Esselunga ha investito negli ultimi anni per garantire un’offerta di prodotti ittici che rispetti standard elevati di qualità e sicurezza. Il pesce proposto, sia fresco che surgelato, proviene da diverse aree geografiche, con un occhio particolare alla sostenibilità ambientale. Per esempio, molte delle specie ittiche offerte, come il salmone e il merluzzo, arrivano da allevamenti certificati e da zone di pesca controllate nel Nord Atlantico e nel Pacifico settentrionale.
La catena ha inoltre implementato sistemi di tracciabilità digitale, accessibili ai clienti tramite app e codici QR, che permettono di risalire all’origine del prodotto, al metodo di pesca o di allevamento, e alle condizioni di conservazione.
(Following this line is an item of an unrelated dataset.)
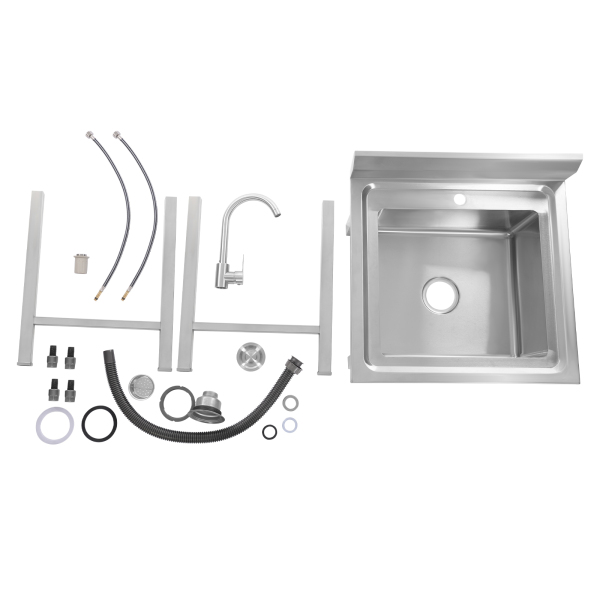 Fregadero independiente de un seno con grifo frío/caliente, Fregadero de cocina comercial con soporte, Plata
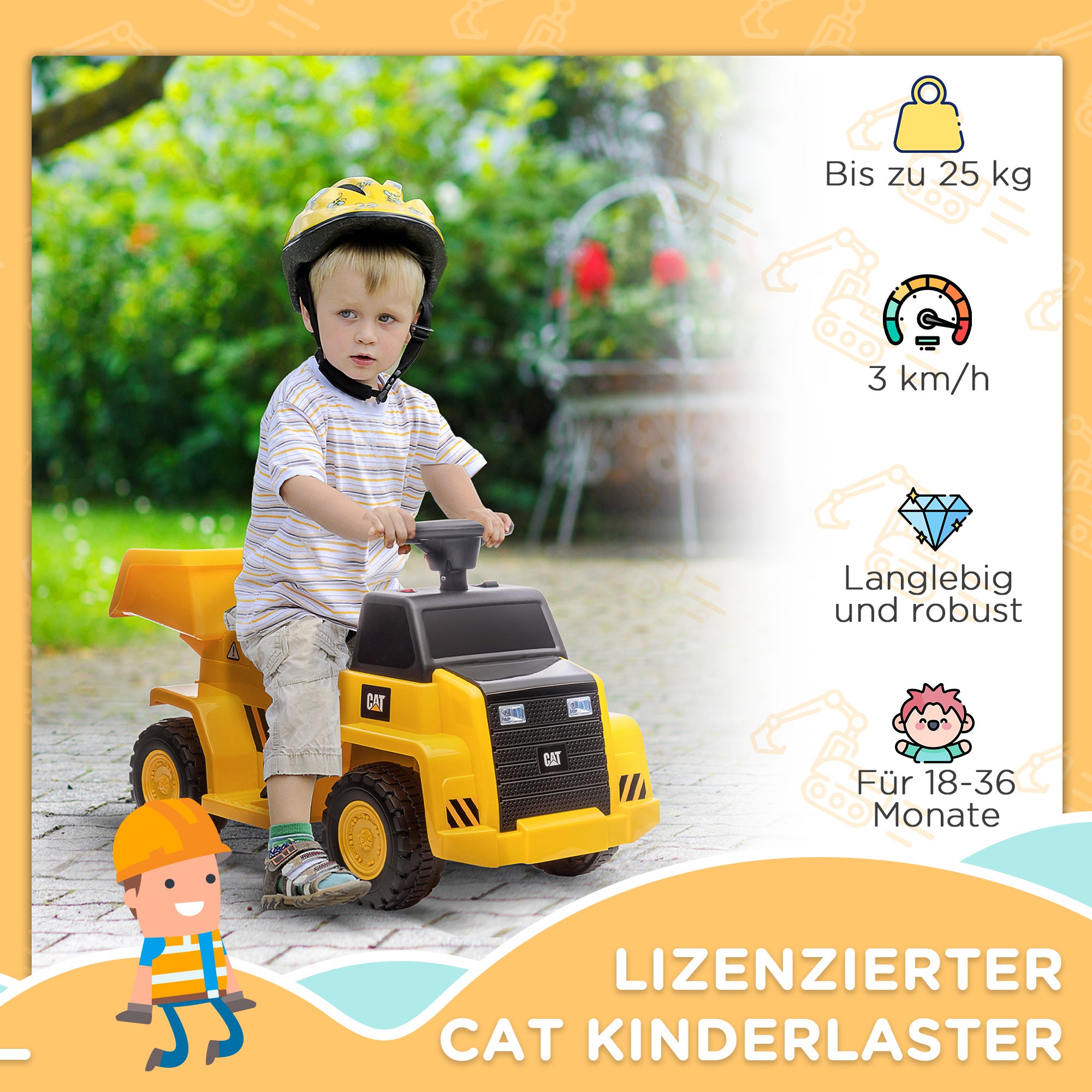 HOMCOM Elektro-Kipplaster für Kinder, kippbare Ladefläche, max. 3 km/h, Scheinwerfer, Hupe, gelb, 74,5 x 36 x 43,5 cm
Questo approccio risponde alle richieste di trasparenza da parte di un consumatore sempre più informato e attento.
Sostenibilità e certificazioni nel settore ittico
Esselunga collabora con fornitori che rispettano rigorosi standard ambientali e sociali, aderendo a protocolli come quelli del Marine Stewardship Council (MSC) e del Aquaculture Stewardship Council (ASC). Queste certificazioni garantiscono che il pesce provenga da fonti sostenibili, riducendo l’impatto sulla biodiversità marina e promuovendo pratiche di pesca responsabili.

Da dove arriva davvero il pesce dell’Esselunga?- alimentarebiologico.it
Inoltre, l’azienda promuove campagne di sensibilizzazione per educare i consumatori sull’importanza di scegliere prodotti ittici certificati e di stagione, contribuendo così alla tutela degli ecosistemi marini.
Nonostante gli sforzi di Esselunga, il settore del pesce nella grande distribuzione affronta ancora sfide significative, come la complessità della catena di approvvigionamento, le variazioni stagionali della disponibilità e le difficoltà nel garantire sempre la massima trasparenza. La necessità di bilanciare qualità, sostenibilità e prezzi competitivi rimane un tema centrale nelle strategie aziendali.
In questo contesto, la capacità di comunicare in modo efficace e veritiero la provenienza del pesce rappresenta un valore aggiunto per Esselunga, che punta a consolidare la fiducia dei suoi clienti offrendo prodotti controllati e di alta qualità.